When the state decided to dispose of a number of military sites in 1998, Clancy Barracks was on the list of assets to be sold. However, it was not until June 2001 that the barracks and surrounding 13.65 acres of land went out to tender. The property was not to everyone’s taste, as much of it was in a dilapidated condition and there were eight 19th century buildings listed for preservation. In July 2002 Clancy Barracks was sold to a private development company for £25.4 million. Nothing happened (allowing the condition of the buildings to deteriorate further)  until three years later when a planning application sought to demolish demolish three-quarters of the existing listed buildings on the site, construct some 900 apartments in 45 blocks and erect a hotel of 15 storeys. Although the local authority gave permission, the scheme was appealed to the planning authority, An Bord Pleanála. It too found the plans acceptable, but then the recession hit and the project stalled, with the former barracks instead being used as a set for a couple of seasons of the BBC 19th century drama Ripper Street. In 2013 the site was bought by an American property investment group Kennedy Wilson for €82.5 million.

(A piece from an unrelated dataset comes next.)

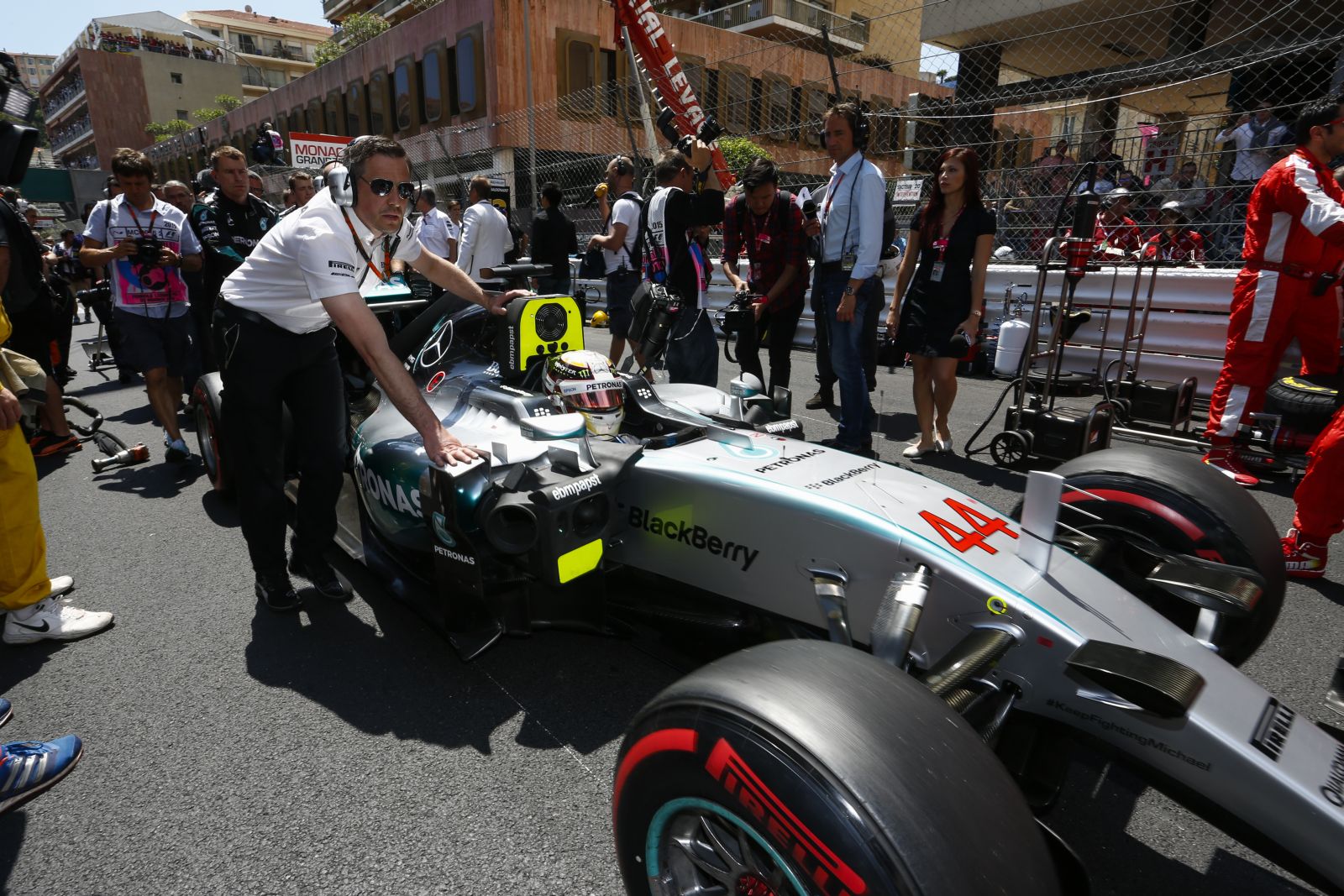 A Mercedes nem csinál Playstationt az F1-ből: nincs ingyen győzelem Hamiltonnak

When Kennedy Wilson bought what is now called Clancy Quay in 2013, only the first phase of the scheme to redevelop the former barracks had been completed; this comprised some residential 423 units and 36,000 square feet of commercial space. Since then the company has worked to complete the second and third phases with the same mix of residential and commercial use. Phases 2 and 3 includes an 8.5 acre site with planning permission for a mix of residential and commercial use. Although the southern section of the site is still a work in progress, what has been achieved to-date is refreshingly imaginative and attractive; in 2018 architects O’Mahony Pike deservedly won an RIAI Architecture Award for Housing thanks to its work on this project. While sections of the property are given over to blocks of apartments, a large number of the older buildings have been imaginatively reinvented as accommodation, such as three long two-storey ranges in rubble, brick and granite, built in 1862 as workshops, or the fine pedimented former barrack block which had stables on the ground floor and sleeping quarters above. Elsewhere on the development there are a handsome pair of semi-detached early 19th century houses, the former officers’ mess and a range of red-brick blocks that date from the 1940s. The materials used for all these buildings was diverse, and more have been introduced for newer elements on Clancy Quay, but there is a confident coherence to the scheme, helped by generosity of space; the parties behind the development have not greedily tried to cram too much onto the site but instead left ample room between the different blocks, all linked by smart landscaping. There are few such large-scale developments in Dublin, indeed in Ireland, undertaken with this degree of assurance and panache. If and when Mullingar’s Columb Barracks are given new purpose, let’s hope the same high standards are employed there.